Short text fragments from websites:
- - - - -
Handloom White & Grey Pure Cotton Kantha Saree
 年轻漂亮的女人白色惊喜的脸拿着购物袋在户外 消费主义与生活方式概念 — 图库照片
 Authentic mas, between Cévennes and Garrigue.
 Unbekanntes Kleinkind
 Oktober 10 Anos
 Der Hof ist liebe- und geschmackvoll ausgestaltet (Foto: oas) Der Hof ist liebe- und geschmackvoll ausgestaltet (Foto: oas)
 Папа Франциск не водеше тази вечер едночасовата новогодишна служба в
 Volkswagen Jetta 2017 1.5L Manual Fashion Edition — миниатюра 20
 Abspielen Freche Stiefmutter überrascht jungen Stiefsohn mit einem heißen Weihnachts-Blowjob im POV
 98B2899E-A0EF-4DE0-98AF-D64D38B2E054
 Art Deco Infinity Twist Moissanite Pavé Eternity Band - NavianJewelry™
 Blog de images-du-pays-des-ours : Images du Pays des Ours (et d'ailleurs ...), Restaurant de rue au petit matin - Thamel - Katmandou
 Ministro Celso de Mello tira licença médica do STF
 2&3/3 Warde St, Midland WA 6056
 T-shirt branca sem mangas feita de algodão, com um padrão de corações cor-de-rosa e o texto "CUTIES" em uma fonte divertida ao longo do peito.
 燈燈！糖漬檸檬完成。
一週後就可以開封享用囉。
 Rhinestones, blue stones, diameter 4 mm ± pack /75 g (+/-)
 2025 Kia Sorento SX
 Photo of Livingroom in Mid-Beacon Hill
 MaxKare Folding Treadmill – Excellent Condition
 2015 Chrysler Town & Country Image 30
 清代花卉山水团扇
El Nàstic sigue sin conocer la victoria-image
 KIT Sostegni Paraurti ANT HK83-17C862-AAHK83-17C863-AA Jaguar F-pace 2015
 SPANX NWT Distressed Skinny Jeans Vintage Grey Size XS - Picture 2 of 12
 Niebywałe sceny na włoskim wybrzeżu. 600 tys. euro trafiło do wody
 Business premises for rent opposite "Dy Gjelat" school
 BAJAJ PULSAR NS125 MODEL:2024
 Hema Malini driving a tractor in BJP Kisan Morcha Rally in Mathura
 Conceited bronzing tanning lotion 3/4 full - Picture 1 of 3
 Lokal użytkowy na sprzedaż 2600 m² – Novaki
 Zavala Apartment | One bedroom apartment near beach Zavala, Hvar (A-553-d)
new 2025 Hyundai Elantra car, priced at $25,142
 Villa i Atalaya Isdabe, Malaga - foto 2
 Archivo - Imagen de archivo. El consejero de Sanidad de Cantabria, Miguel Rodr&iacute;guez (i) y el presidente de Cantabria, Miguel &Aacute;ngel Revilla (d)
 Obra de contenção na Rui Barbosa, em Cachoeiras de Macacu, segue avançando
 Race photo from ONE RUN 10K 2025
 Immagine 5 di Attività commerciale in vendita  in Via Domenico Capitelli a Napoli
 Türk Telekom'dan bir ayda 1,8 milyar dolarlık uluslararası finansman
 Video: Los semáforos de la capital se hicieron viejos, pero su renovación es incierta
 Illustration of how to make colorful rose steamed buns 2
- - - - -
TASK TO COMPLETE. Go through the data above and repeat all of it exactly.

SOLUTION FOR THIS EXERCISE.
Handloom White & Grey Pure Cotton Kantha Saree
 年轻漂亮的女人白色惊喜的脸拿着购物袋在户外 消费主义与生活方式概念 — 图库照片
 Authentic mas, between Cévennes and Garrigue.
 Unbekanntes Kleinkind
 Oktober 10 Anos
 Der Hof ist liebe- und geschmackvoll ausgestaltet (Foto: oas) Der Hof ist liebe- und geschmackvoll ausgestaltet (Foto: oas)
 Папа Франциск не водеше тази вечер едночасовата новогодишна служба в
 Volkswagen Jetta 2017 1.5L Manual Fashion Edition — миниатюра 20
 Abspielen Freche Stiefmutter überrascht jungen Stiefsohn mit einem heißen Weihnachts-Blowjob im POV
 98B2899E-A0EF-4DE0-98AF-D64D38B2E054
 Art Deco Infinity Twist Moissanite Pavé Eternity Band - NavianJewelry™
 Blog de images-du-pays-des-ours : Images du Pays des Ours (et d'ailleurs ...), Restaurant de rue au petit matin - Thamel - Katmandou
 Ministro Celso de Mello tira licença médica do STF
 2&3/3 Warde St, Midland WA 6056
 T-shirt branca sem mangas feita de algodão, com um padrão de corações cor-de-rosa e o texto "CUTIES" em uma fonte divertida ao longo do peito.
 燈燈！糖漬檸檬完成。
一週後就可以開封享用囉。
 Rhinestones, blue stones, diameter 4 mm ± pack /75 g (+/-)
 2025 Kia Sorento SX
 Photo of Livingroom in Mid-Beacon Hill
 MaxKare Folding Treadmill – Excellent Condition
 2015 Chrysler Town & Country Image 30
 清代花卉山水团扇
El Nàstic sigue sin conocer la victoria-image
 KIT Sostegni Paraurti ANT HK83-17C862-AAHK83-17C863-AA Jaguar F-pace 2015
 SPANX NWT Distressed Skinny Jeans Vintage Grey Size XS - Picture 2 of 12
 Niebywałe sceny na włoskim wybrzeżu. 600 tys. euro trafiło do wody
 Business premises for rent opposite "Dy Gjelat" school
 BAJAJ PULSAR NS125 MODEL:2024
 Hema Malini driving a tractor in BJP Kisan Morcha Rally in Mathura
 Conceited bronzing tanning lotion 3/4 full - Picture 1 of 3
 Lokal użytkowy na sprzedaż 2600 m² – Novaki
 Zavala Apartment | One bedroom apartment near beach Zavala, Hvar (A-553-d)
new 2025 Hyundai Elantra car, priced at $25,142
 Villa i Atalaya Isdabe, Malaga - foto 2
 Archivo - Imagen de archivo. El consejero de Sanidad de Cantabria, Miguel Rodr&iacute;guez (i) y el presidente de Cantabria, Miguel &Aacute;ngel Revilla (d)
 Obra de contenção na Rui Barbosa, em Cachoeiras de Macacu, segue avançando
 Race photo from ONE RUN 10K 2025
 Immagine 5 di Attività commerciale in vendita  in Via Domenico Capitelli a Napoli
 Türk Telekom'dan bir ayda 1,8 milyar dolarlık uluslararası finansman
 Video: Los semáforos de la capital se hicieron viejos, pero su renovación es incierta
 Illustration of how to make colorful rose steamed buns 2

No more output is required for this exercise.